By Acee Agoyo
The leader of the National Congress of American Indians
is promising more transparency in hopes of overcoming a controversy that continues to overshadow the organization's efforts to advocate for the needs of tribes and their citizens.
In an address during NCAI's winter session in Washington, D.C., this week, President Jefferson Keel revealed the broad outlines of what he said was a "comprehensive, independent review" into the organization's workplace environment. He said "outside experts" spent months looking at how allegations of harassment, intimidation and misconduct among staff had been handled in the past.
"First, we wanted to make sure that NCAI is a safe place for women to work," Keel said of a process initiated at the request of tribal leaders following Indianz.Com's first report into the matter
almost six months ago.
"Based on the findings of that review, I can assure you that it is indeed a safe place for women to work," Keel said on Tuesday.

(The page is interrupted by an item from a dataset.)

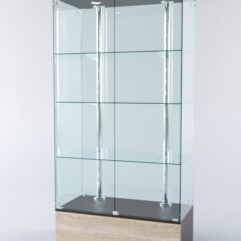 Витрина ХАЙТЕК №4-1 (задняя стенка - стекло), Дуб Венге + Дуб Сонома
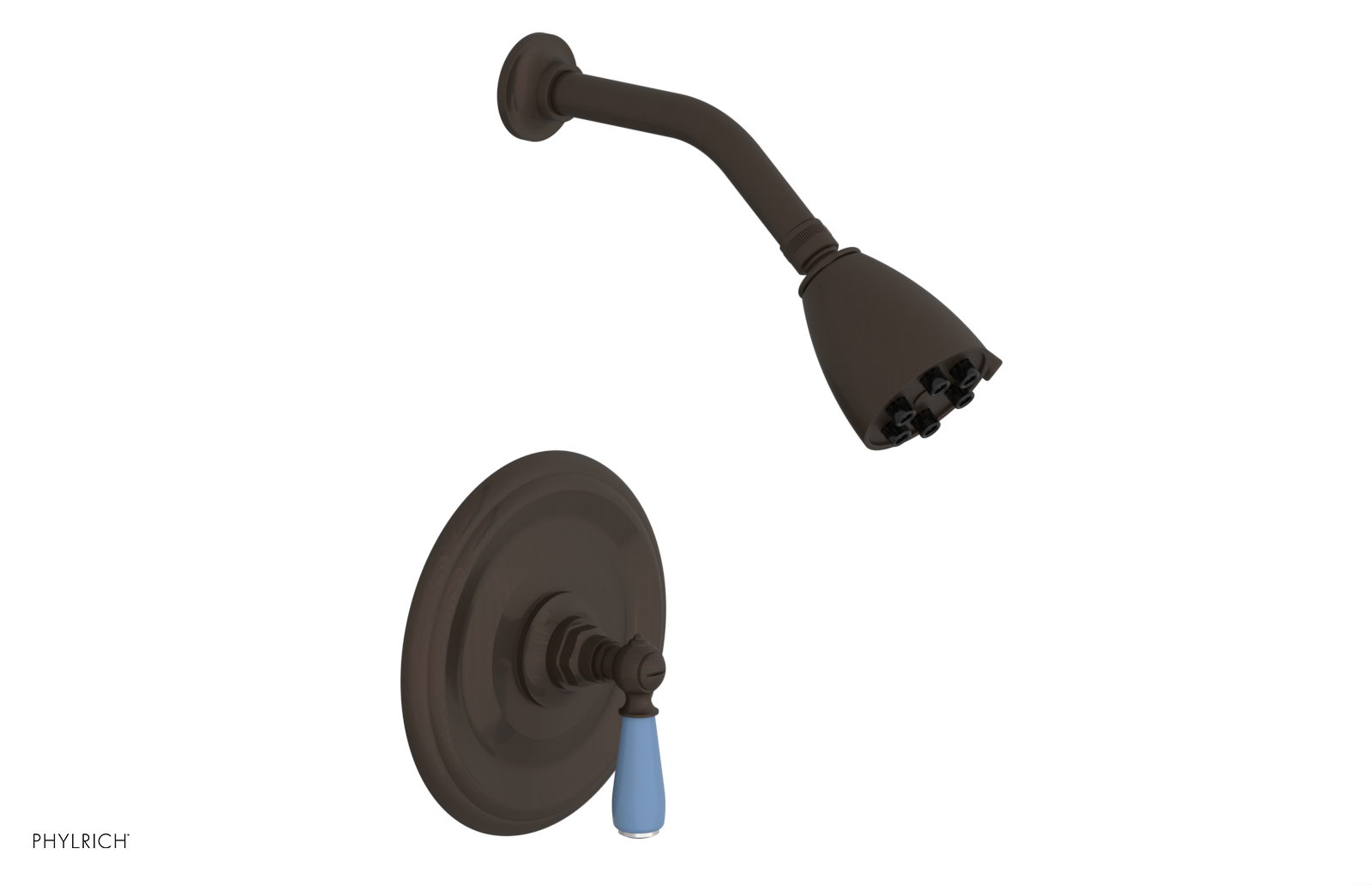 JAMESTOWN - Pressure Balance Shower Set - Lever Handle with "Light Blue" Accents 165-22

But in addressing the controversy for the first time in public since a milestone conference last October
, Keel declined to provide specifics about a scandal that led to the ouster of its senior attorney
and the suspension of its highest-ranking staffer
. He did not explain, for example, whether any allegations made by women who have left the organization in droves
were ever substantiated or, for that matter, whether their voices were validated.
He also did not discuss an issue that was on the minds of just about everyone at the session: the whereabouts of executive director Jackie Pata, who was placed on leave prior to the 75th annual convention amid doubts about her management practices.
Instead -- after being questioned by a prominent Indian woman attorney -- Keel only repeated what he had said earlier about NCAI being a "safe place." That answer did not appear to sit well with Loretta Tuell
, a citizen of the Nez Perce Tribe who has worked in law and policy circles for nearly three decades.
So Tuell kept pressing for more, albeit in a diplomatic matter that was characteristic of her years of experience, which includes overseeing the staff of Senate Committee on Indian Affairs
. Though virtually no one was left in the meeting room as the lunch hour approached, she stressed the need for NCAI to be accountable for the sovereign nations it is charged with representing.
"I would use the word 'transparent,'" Tuell told Keel after he again said NCAI was taking "actions" to resolve the crisis.
"The more transparent you can be about what those actions are, what they entail .. I think would bode well for NCAI in the future," Tuell said.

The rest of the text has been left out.